Good girl, sleeping armed. But the blade is pathetically dull, wouldn't cut through paper, much less defend against a real threat.
I pull out my sharpening stone, working the blade until it could split hair.
The rhythm is familiar. I've sharpened so many blades, though usually they're wet with blood rather than dusty from disuse.
I test the edge against my thumb, watching blood bead immediately. Perfect. She deserves weapons that work, edges that cut deep, protection that has teeth. I suck my thumb clean, tasting my own blood in her space, marking territory in ways she'll never know.
Her blanket has migrated to the floor again. She always kicks it off around two a.m., then shivers through the rest of the night, too deep in sleep to retrieve it. The sight of her curled into herself, seeking warmth, makes something violent twist in my chest.
I lift the blanket, shake it out, and drape it over her carefully.
She sighs in her sleep, a sound of pure contentment that makes my cock throb painfully.
I imagine how different that sigh would sound with my hands around her throat, controlling her breath, making her understand that even her oxygen belongs to me now.
The Polaroid goes on her pillow, positioned so it will be the first thing she sees upon waking. My calling card. My introduction. The first of many small invasions I plan to leave for her.
I can't resist taking one of her cookies. Not for evidence—my chemistry background would let me analyze every ingredient down to the molecular structure if I wanted. But I want to taste something she made with her own hands, something she put care into creating.

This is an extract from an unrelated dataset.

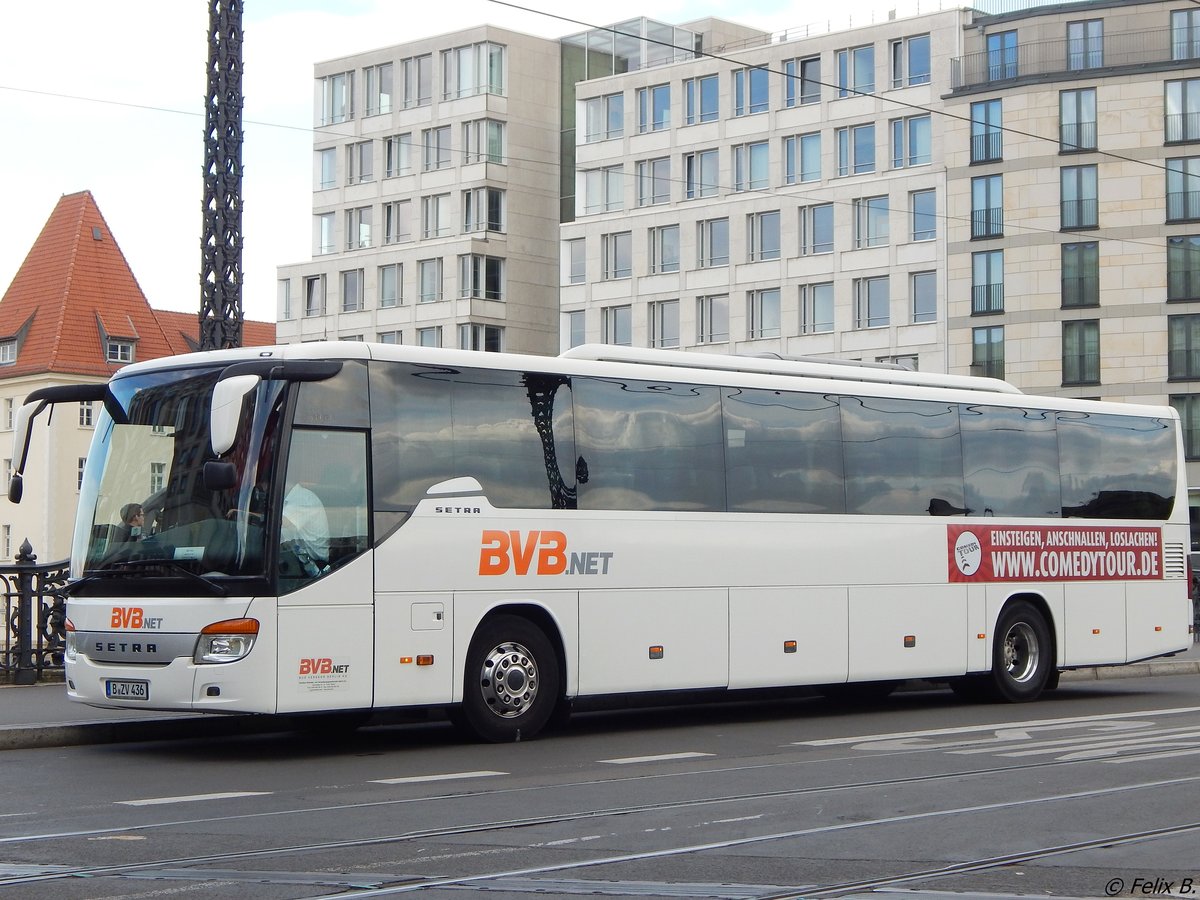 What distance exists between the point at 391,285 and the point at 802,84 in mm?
23359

Three a.m. arrives with the first drops of rain against her window. The sound creates a rhythm, a countdown to when I must leave. But I stand frozen, memorizing this moment: Faith sleeping peacefully, blanket properly covering her, photograph waiting on her pillow, knife sharpened beneath.
Her lips part slightly in sleep, and I imagine pushing my thumb between them, feeling the wet heat of her mouth. My hand moves to my cock without thought, gripping hard through my pants. Not here. Not yet. But soon.
The rain intensifies, and I know I've stayed too long.
Marco will want an update on the judge situation.
The security guard will return from break soon.
Even my carefully arranged blind spots have limits.
But the thought of leaving, of returning to my apartment where I can only watch her through cameras, creates physical pain in my chest.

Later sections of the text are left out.